• **What you need to do**
The listing below is to be given again in full and word for word, without its images.

• **Data shown**
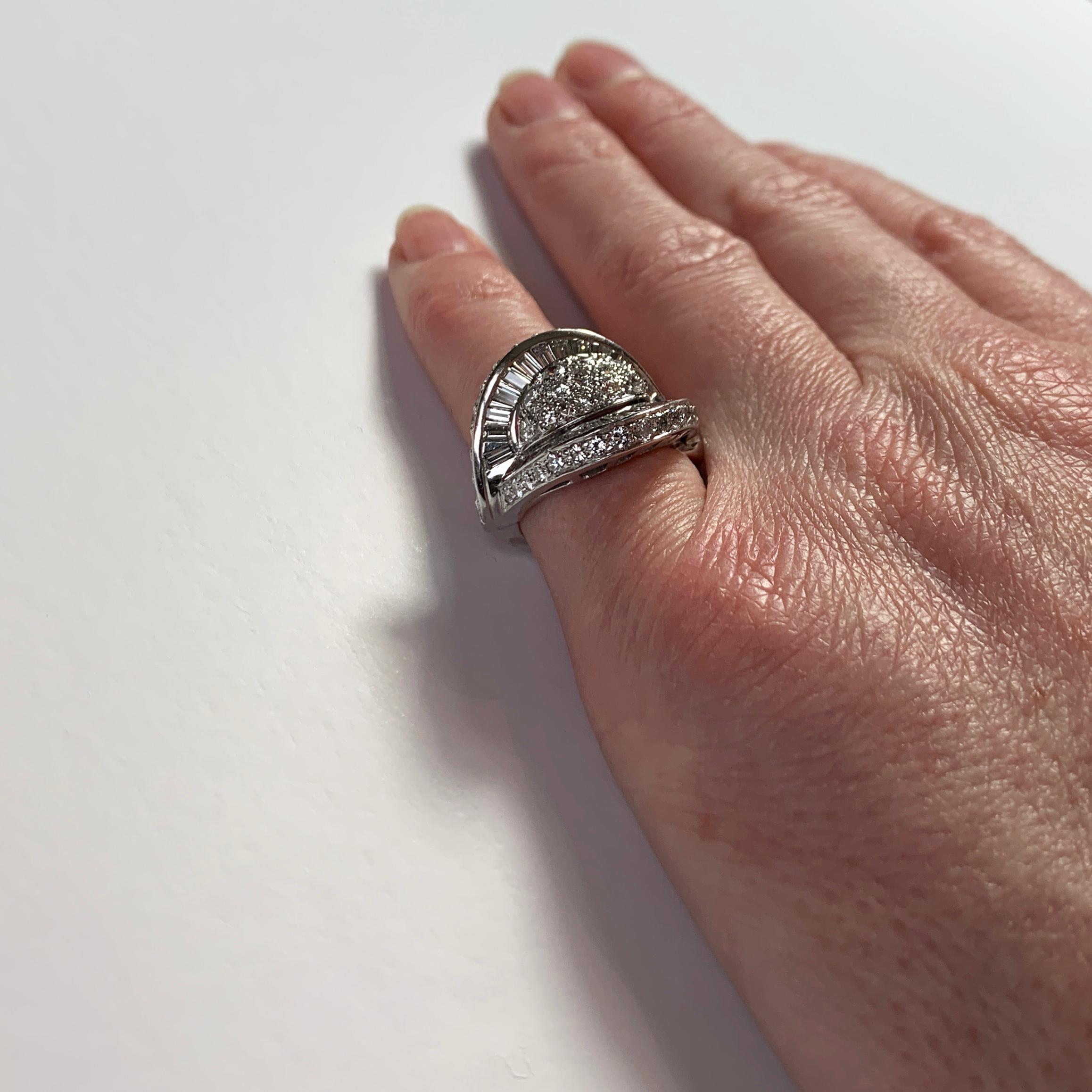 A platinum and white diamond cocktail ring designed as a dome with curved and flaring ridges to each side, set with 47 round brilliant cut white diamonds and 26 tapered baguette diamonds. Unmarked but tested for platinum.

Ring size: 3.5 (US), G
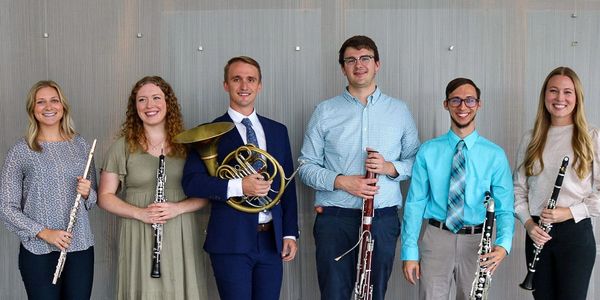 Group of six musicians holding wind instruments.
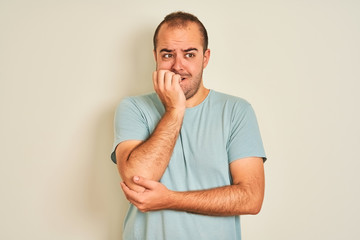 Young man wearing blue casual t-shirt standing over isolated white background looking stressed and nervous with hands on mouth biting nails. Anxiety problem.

• **Answer to this task**
 A platinum and white diamond cocktail ring designed as a dome with curved and flaring ridges to each side, set with 47 round brilliant cut white diamonds and 26 tapered baguette diamonds. Unmarked but tested for platinum.

Ring size: 3.5 (US), G
 Group of six musicians holding wind instruments.
 Young man wearing blue casual t-shirt standing over isolated white background looking stressed and nervous with hands on mouth biting nails. Anxiety problem.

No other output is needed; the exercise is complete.